Figure 5. OCT4-loaded S-NPs but not soluble OCT4 protein are imported into cells and partially localize in the cell nucleus

Human primary fibroblasts were treated with 50 μg of each recombinant soluble OCT4 (A–C) or OCT4 encapsulated in S-NPs (D–F). After 24 h cells were stained with OCT4 antibodies (green) or for chitosan NPs using WGA-Alexafluor 488 (red). Nuclear DNA was stained with Hoechst 33258 (blue). Merged images demonstrate that exogenous soluble OCT4 is excluded from cells and adheres to the cell membrane. In contrast, OCT4-loaded S-NPs are localized intracellularly, showing a partial overlap with Hoechst nuclear staining.

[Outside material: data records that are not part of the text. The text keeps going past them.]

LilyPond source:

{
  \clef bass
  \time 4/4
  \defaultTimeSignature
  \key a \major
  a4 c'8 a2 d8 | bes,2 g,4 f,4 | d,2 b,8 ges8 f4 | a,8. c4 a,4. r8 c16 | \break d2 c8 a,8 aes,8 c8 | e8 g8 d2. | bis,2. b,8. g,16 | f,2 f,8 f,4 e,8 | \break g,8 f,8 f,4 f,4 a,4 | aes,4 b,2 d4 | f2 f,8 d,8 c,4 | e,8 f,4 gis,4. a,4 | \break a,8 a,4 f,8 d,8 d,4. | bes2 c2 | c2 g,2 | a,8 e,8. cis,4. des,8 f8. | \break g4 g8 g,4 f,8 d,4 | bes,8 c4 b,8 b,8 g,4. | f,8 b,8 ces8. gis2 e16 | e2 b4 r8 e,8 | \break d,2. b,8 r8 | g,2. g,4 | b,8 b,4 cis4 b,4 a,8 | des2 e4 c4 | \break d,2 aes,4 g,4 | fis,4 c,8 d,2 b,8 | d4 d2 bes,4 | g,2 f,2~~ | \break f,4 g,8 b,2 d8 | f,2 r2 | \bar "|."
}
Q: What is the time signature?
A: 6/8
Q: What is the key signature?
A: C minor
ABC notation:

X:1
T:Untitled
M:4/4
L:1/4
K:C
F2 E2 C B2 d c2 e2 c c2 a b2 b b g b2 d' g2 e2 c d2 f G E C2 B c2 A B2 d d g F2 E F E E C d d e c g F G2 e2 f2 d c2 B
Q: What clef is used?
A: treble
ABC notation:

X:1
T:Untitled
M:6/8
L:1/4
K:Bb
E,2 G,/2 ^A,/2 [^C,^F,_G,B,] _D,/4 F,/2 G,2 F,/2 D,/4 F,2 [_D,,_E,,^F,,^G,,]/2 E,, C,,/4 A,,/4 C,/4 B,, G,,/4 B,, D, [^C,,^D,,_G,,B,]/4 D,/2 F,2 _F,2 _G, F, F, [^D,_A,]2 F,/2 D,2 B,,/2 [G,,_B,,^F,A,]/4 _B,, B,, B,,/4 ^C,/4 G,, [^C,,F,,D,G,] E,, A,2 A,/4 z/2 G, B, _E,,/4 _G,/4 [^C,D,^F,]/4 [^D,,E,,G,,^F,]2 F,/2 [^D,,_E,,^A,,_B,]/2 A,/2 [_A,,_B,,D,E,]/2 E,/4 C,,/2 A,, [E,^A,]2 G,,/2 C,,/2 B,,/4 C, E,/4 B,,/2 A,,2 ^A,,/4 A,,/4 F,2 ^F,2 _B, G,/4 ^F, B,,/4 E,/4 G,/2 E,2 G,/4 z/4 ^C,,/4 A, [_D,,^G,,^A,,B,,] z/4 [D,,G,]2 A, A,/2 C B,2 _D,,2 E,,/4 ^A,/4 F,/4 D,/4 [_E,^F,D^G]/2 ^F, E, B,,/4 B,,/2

Figure 6. Z-stack imaging series of human fibroblasts treated with OCT4-loaded S-NPs

Cells were treated for 24 h with 50 μg of the SN-Ps and then stained with OCT4 antibody (green), WGA-Alexafluor 488 (red) and Hoechst 33258 (blue). Z-stack images through the cell nucleus were collected at 1-μm steps by confocal laser scanning microscopy. The yellow fluorescence of the merged images indicates the colocalization of OCT4 and S-NPs in perinuclear and nuclear regions. The depth in micrometers at which images were taken is indicated. Scale bar = 10 μM.